SW: Where does your interest come from in working on economic development and job growth?

JB: A lot of it came out of Bend 2030. I’ve been with that organization since its inception in 2005. Over the past year, couple years, I had worked in the vibrant economy focus area. I got involved with vibrant economy and saw all this opportunity, which also ties into why I’m such a supporter of higher education…whether it’s four years or two years, you have an institution that attracts a faculty and has services in and of itself as an industry, but also gives us an educated workforce to feed into our market….
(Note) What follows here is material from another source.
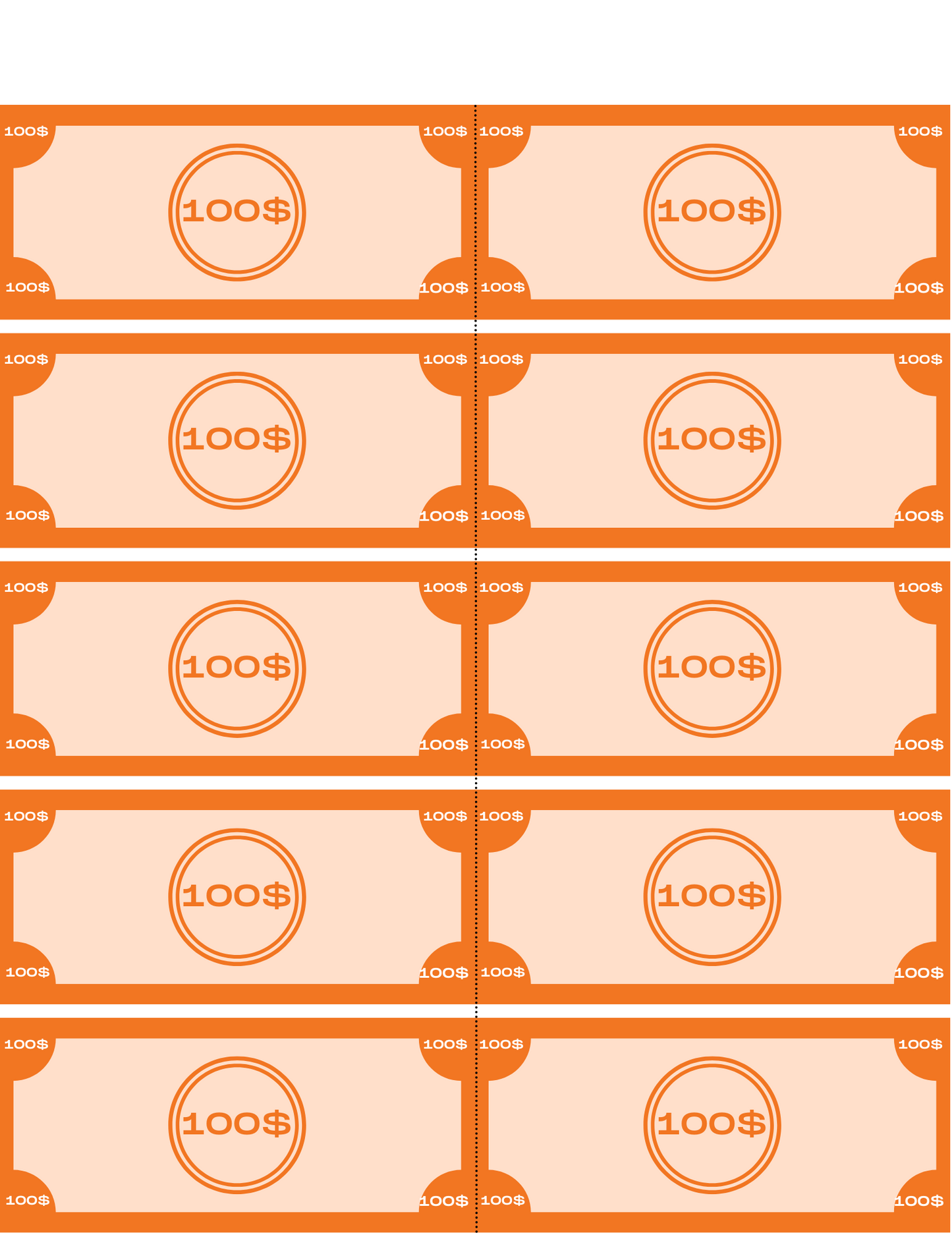An image of ten $100 bills in orange and beige, perfectly designed for the Wondermom Shop's Grocery Store Pretend Play Kit, arranged neatly in two columns and five rows. Ideal for children to learn about money through imaginative play.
It’s a great political platitude to say, “I want to diversify the economy. I want to bring different businesses.” That’s where, at the county level, it’s so cool, because you have all these different personalities, these different cities. You have Redmond, which is so different from Bend, you have Sisters, which is so different from Bend, La Pine, and then the unincorporated ones, Terrebonne and Tumalo, but you still, like out in Terrebonne, some of the farmers where I get some of my produce from, are making it, growing organic food to put into our food supply here locally, and that is so cool. Could we do that here in the city of Bend? We have Fields Farm, but that’s not going to feed everyone in Bend…

Part of why I ran in the first place back in 2008 is because I have grown up here. [I remember] reading documents when I was on the planning commission that were from the ’80s, and I recognized names of some people who knew my parents and grandparents because they were here then and I realized, I’m 35, and I’m sitting there and it was this a-ha moment and I realized that I am the grown-up generation dealing with their decisions, good or bad, and I have two kids of my own and I want to leave this community, this area, in a better place for them and hopefully their kids. So it’s that long-term thinking for me that is paramount to being an elected official. It’s not about me at all, it’s about the public, and what role can I take to advance the public good. And that’s what’s so much fun about being in local government at the county and city levels—you get to have that impact, you’re right there, you’re people’s neighbor and you’re living it.

SW: What are you doing right now to work toward job growth and development, on a day-to-day level?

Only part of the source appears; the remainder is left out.